The W's

• January 31st 2008, 05:35 PM
Morgan82
The W's
I just started stats, and i missed the first few days. Im kind of confused on what the who and what are. Can someome maybe explain to me..in simple terms?
Also, can someone explain what we use log for?
Id really appreciate it!
• January 31st 2008, 11:39 PM
mr fantastic
Quote:

Originally Posted by Morgan82
I just started stats, and i missed the first few days. Im kind of confused on what the who and what are. Can someome maybe explain to me..in simple terms?
Also, can someone explain what we use log for?
Id really appreciate it!

If you're wondering why there's been no replies it's because:

1. Your first question makes absolutely no sense.

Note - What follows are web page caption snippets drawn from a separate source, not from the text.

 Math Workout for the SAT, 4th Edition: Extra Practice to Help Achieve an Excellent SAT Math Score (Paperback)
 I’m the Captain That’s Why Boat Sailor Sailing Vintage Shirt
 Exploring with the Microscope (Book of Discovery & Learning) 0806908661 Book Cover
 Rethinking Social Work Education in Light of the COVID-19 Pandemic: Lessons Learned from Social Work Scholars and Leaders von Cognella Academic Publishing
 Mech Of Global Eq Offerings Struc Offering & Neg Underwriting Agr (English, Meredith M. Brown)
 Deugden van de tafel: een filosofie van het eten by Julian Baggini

2. Your second question is too broad to give a simple and short answer to (I assume you want to know what log is used for in statistics ....?) Especially when your mathematical background is a complete unknown.

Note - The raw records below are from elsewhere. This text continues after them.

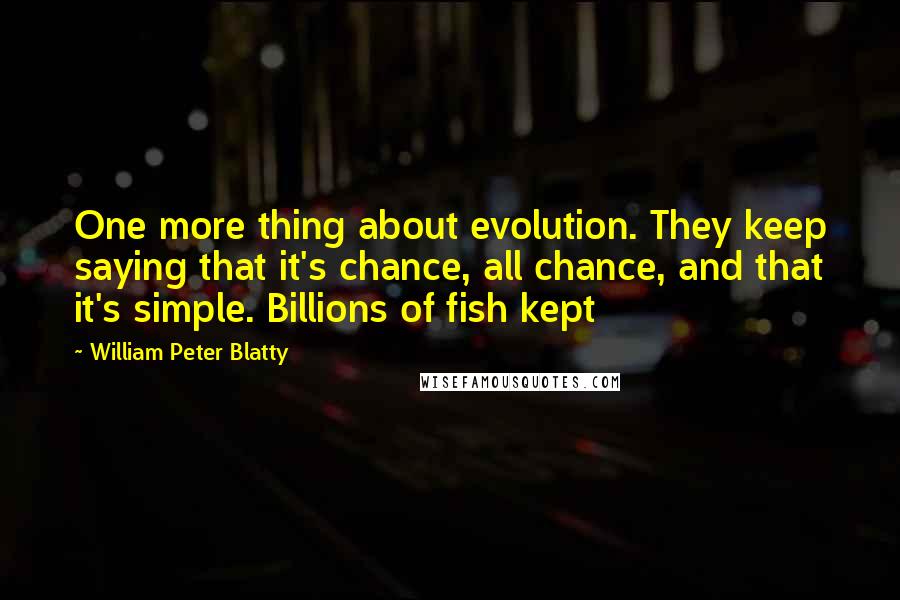 William Peter Blatty Quotes: One more thing about evolution. They keep saying that it's chance, all chance, and that it's simple. Billions of fish kept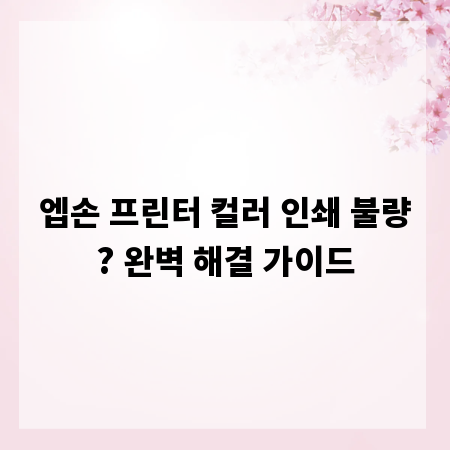 엡손 프린터 컬러 인쇄 불량? 완벽 해결 가이드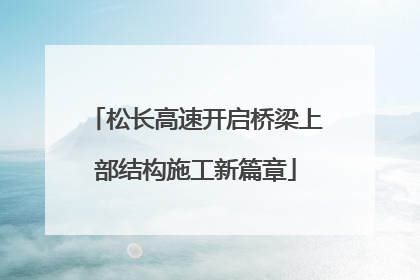 松长高速开启桥梁上部结构施工新篇章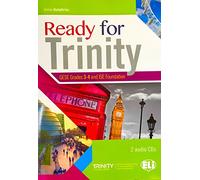 Ready for Trinity. GESE grades 3-4 and ISE foundation. Per la Scuola media. Con e-book. Con espansione online: Book + CD Grades 3-4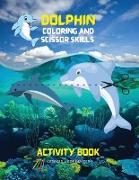 Dolphin Coloring and Scissor Skills Activity Book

Suffice to say, when you get to the part of your course where log gets used, then you'll know the answer.
• February 1st 2008, 01:11 AM
CaptainBlack
Quote:

Originally Posted by Morgan82
I just started stats, and i missed the first few days. Im kind of confused on what the who and what are. Can someome maybe explain to me..in simple terms?

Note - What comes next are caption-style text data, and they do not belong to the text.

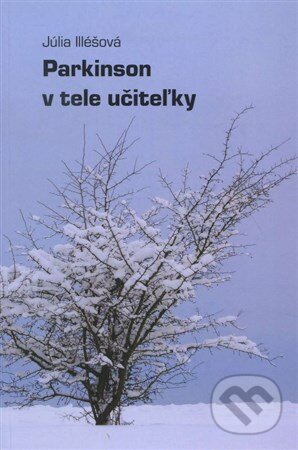 Levně Parkinson v tele učiteľky - Júlia Illéšová - kniha z kategorie Beletria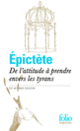 Couverture De l'attitude à prendre envers les tyrans et autres textes ( Épictète)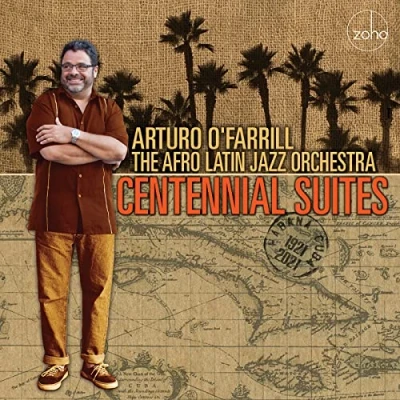 Afbeelding van Arturo &amp; the Afro Latin Jazz Orchestra O&#039;Farrill Centennial Suites (LP)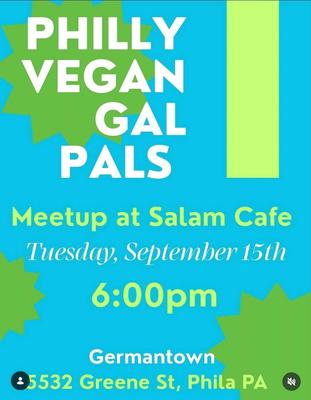 PHILLY VEGAN GAL PALS Meetup at Salam Cafe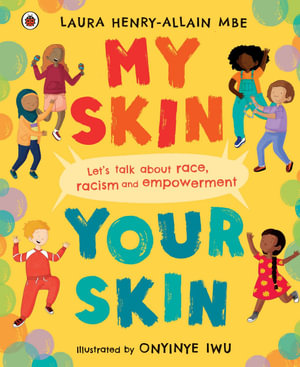 My Skin, Your Skin : Let's talk about race, racism and empowerment - Laura Henry-Allain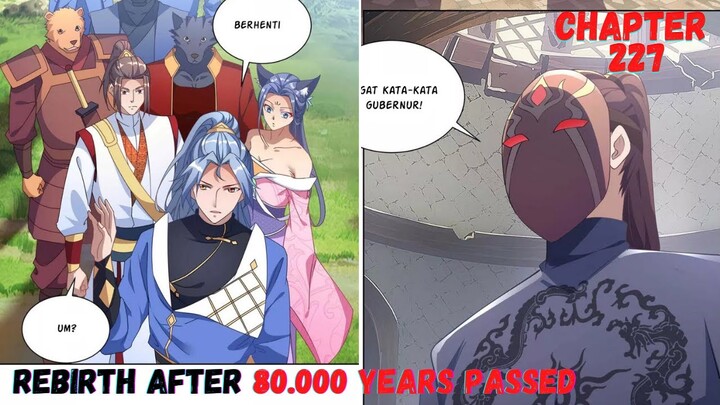 Rebirth After 80.000 Years chapter 227 Orang Misterius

Does your course have a recomended/set text? If so read the introduction
and or the first chapter overview material.

If not Browse through the early seactions of this

Quote:

Also, can someone explain what we use log for?
Id really appreciate it!
If you have not met logarithms before then they are not a part of the
prerequisites of your course and they will be covered when you need them.

If it pre-calculus is a pre-requisite then you should already have covered
what you need to know.

RonL
• February 1st 2008, 07:16 AM
topsquark
Quote:

Originally Posted by mr fantastic
If you're wondering why there's been no replies it's because:

1. Your first question makes absolutely no sense.

2. Your second question is too broad to give a simple and short answer to (I assume you want to know what log is used for in statistics ....?) Especially when your mathematical background is a complete unknown.

Suffice to say, when you get to the part of your course where log gets used, then you'll know the answer.

Actually I think it does make sense and isn't nearly as broad a field as you took it to be. I'm not competent to answer the question, but if memory serves W is something called the "maximum likelihood" function, and we take the logarithm of that for some reason which my memory fails me on. I think that is what the op assumed we knew. (I ran into this in a graduate lab ages ago when we were talking about the derivation of $\chi ^2$ formulas. I never really understood the derivations, but I could use my notes to derive the correct formulas anyway.)

-Dan
• February 1st 2008, 01:08 PM
mr fantastic
Quote:

Originally Posted by topsquark
Actually I think it does make sense and isn't nearly as broad a field as you took it to be. I'm not competent to answer the question, but if memory serves W is something called the "maximum likelihood" function, and we take the logarithm of that for some reason which my memory fails me on. I think that is what the op assumed we knew. (I ran into this in a graduate lab ages ago when we were talking about the derivation of $\chi ^2$ formulas. I never really understood the derivations, but I could use my notes to derive the correct formulas anyway.)

-Dan

Yes, that had crossed my mind (the maximum likelihood stuff etc., NOT your graduate lab days (Rofl) ) but then I thought - first few days of the course, I don't think so ...... No idea of stats or maths background, could be opening a can of worms here, a thread that would die the death of a thousand cuts. Not to mention create huge angst and worry in the mind of the member.

The thing is that log could crop in many many different ways - at both an advanced level and an elementary level. It might even have been a review of pre-calc .......
• February 1st 2008, 05:22 PM
topsquark
Quote:

Originally Posted by mr fantastic
...but then I thought - first few days of the course, I don't think so ......

Actually we covered this in the first week of my lab course. :) And finished our coverage of it in something like two classes before we were told to write a program to do an exponential $\chi ^2$ fit. (Not that hard to do really, but when you've just had a crash course...)

-Dan
• March 11th 2008, 06:38 PM
mr fantastic
Quote:

Originally Posted by topsquark
Actually I think it does make sense and isn't nearly as broad a field as you took it to be. I'm not competent to answer the question, but if memory serves W is something called the "maximum likelihood" function, and we take the logarithm of that for some reason which my memory fails me on. I think that is what the op assumed we knew. (I ran into this in a graduate lab ages ago when we were talking about the derivation of $\chi ^2$ formulas. I never really understood the derivations, but I could use my notes to derive the correct formulas anyway.)